By the end of the week, I had come incredibly close to dodging my Visa. Until I realized I hadn’t bought those movie tickets after all. Not only did I not have enough cash left, but waiting to pay at the theatre would risk decent seats.
“Cash-only budgeting may be useful for decisions about important expenses, but there are many inconveniences involved: It’s time-consuming, risky and cash may not be accepted everywhere,” says Nikola Gradojevic, professor of finance at the University of Guelph.
But as much as I’d love an excuse for my failed experiment, my misstep had little to do with the lack of cash itself. At the root of cash budgets is the simple idea of setting physical barriers between yourself and unnecessary spending. And these days, cash isn’t the only way to do that.

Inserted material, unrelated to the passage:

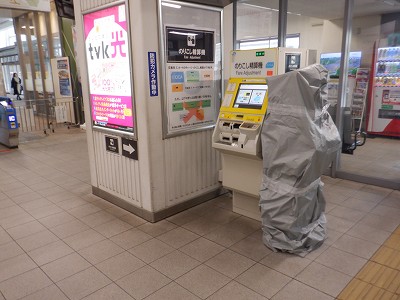 �����w�摜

“Say you want to stick to a cash budget, but this week, you use $500 on your Visa – just transfer that to your chequing account and create that credit for the following period,” says Janet Gray, a certified financial planner with Advice Only Planners.
Banks like Tangerine and BMO even offer subaccounts for different spending categories and let you tie these to savings goals. “So, rather than calling it a cash-only strategy, call it a ‘no-credit’ strategy,” says Ms. Gray.
If you do want the psychological barrier of cash budgeting, ”do cash for certain categories of life, like groceries or specific errands,” says Ms. White, the financial adviser. “This makes the money really feel finite,” which, in fact, is the reality that digital spending can disguise.
In the end, I caved at the thought of another week hearing about Cillian Murphy’s “otherworldly performance” without seeing it with my own two eyes. I bought the tickets online.